[Start of Attachment]

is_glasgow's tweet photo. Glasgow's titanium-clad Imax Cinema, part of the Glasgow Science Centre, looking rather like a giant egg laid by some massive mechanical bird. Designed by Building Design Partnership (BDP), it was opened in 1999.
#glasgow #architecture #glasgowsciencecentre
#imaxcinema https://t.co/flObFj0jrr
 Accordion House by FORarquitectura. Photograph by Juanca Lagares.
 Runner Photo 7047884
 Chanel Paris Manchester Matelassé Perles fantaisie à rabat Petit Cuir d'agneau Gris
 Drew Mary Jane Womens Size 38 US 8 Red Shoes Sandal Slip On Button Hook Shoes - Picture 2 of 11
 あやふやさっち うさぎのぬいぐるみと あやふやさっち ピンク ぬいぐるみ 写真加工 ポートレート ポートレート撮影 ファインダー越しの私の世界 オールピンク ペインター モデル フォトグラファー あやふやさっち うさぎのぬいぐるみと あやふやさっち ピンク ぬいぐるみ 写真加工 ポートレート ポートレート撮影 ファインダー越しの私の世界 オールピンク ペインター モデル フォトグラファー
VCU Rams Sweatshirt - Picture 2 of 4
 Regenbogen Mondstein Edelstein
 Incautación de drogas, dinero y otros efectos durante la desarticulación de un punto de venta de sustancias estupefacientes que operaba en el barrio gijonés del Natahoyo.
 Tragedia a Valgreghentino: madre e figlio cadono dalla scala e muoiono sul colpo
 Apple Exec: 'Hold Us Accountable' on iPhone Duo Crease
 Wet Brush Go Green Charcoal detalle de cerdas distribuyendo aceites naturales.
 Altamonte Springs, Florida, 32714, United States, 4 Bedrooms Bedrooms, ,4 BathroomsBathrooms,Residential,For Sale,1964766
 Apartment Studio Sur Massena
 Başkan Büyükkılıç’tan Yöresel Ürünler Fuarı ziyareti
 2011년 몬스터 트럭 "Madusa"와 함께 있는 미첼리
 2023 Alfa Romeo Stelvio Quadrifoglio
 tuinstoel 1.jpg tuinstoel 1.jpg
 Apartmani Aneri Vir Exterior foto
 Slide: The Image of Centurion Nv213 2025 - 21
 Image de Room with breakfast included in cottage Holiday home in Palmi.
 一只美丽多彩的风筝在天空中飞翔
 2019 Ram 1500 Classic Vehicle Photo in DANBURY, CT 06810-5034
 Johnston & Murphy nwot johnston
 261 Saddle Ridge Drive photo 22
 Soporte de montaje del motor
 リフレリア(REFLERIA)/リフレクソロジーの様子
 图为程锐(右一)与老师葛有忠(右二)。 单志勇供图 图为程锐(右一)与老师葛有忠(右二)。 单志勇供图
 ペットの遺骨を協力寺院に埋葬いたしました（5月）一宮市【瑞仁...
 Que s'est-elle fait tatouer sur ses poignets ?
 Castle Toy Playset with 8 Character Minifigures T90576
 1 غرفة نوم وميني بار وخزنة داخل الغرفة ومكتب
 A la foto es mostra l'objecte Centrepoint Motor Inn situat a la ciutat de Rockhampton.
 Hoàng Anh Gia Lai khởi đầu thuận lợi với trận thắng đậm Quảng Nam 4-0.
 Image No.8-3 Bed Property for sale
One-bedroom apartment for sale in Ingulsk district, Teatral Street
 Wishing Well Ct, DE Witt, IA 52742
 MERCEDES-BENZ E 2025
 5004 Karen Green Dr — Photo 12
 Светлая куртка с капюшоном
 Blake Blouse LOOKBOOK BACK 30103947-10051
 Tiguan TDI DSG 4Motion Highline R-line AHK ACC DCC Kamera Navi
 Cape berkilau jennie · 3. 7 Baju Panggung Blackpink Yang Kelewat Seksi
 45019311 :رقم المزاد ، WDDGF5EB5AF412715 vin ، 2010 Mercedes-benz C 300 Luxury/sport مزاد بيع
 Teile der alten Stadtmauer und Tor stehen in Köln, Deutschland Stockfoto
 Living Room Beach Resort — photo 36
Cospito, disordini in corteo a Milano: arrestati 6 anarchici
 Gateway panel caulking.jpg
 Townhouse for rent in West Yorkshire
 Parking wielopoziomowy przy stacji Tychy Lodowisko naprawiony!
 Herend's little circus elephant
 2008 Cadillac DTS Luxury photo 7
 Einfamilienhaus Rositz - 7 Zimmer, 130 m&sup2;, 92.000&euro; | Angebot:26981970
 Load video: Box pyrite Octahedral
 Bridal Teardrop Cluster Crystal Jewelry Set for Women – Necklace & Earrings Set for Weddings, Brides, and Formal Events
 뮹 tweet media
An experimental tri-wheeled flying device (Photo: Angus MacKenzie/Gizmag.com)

[End of Attachment]

▶ _TASK PROMPT_
What you give back should be exactly the lines of the data above from the line with "Townhouse for rent in West Yorkshire" through the line with "Load video: Box pyrite Octahedral", both of those included, and nothing more.

▶ _ANSWER TO THE EXERCISE_
 Townhouse for rent in West Yorkshire
 Parking wielopoziomowy przy stacji Tychy Lodowisko naprawiony!
 Herend's little circus elephant
 2008 Cadillac DTS Luxury photo 7
 Einfamilienhaus Rositz - 7 Zimmer, 130 m&sup2;, 92.000&euro; | Angebot:26981970
 Load video: Box pyrite Octahedral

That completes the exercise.